Sunday, October 12, 2008

If I could ever offer any piece of travel advice it would be this-

Pretend your luggage won't get there.

Also face the fact that, you won't either in the time you thought you would.
I spent two hours Friday trying to help a friend get from DC to New Orleans.
Then, quite obviously, when he got there, his luggage arrived before him, and was locked away.

Always, always, always carry on at least-

-Toothbrush & toothpaste (in your ziplock it's a liquid)
-Clean underwear
-Clean shirt
Depending on the climate-
-Clean Pants/shorts


Technically, if you get there without luggage, you can sleep naked, so that's all good. When you get to the point that you haven't slept in 36 hours, you have a new appreciation for a toothbrush and clean drawers.

Also, since you're carrying on a bag now.
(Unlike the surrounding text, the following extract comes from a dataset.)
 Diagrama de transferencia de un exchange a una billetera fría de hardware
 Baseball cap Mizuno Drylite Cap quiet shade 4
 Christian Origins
Do yourself a favor and throw in a granola bar, some peanut butter crackers, and maybe some goldfish. When the unexpected layover happens late, there is no food. Goldfish are also great to bribe the small child seated behind you so they don't kick your seat.

Unless of course, you're the carry on pro like myself. Then you take it all, except your liquids, which you ship domestically. Internationally you must do the small bag puzzle and figure out which you love more, your eye cream or mascara.

1 comment:

Lisa said...

"Goldfish are also great to bribe the small child seated behind you so they don't kick your seat." - freakin words TO LIVE BY!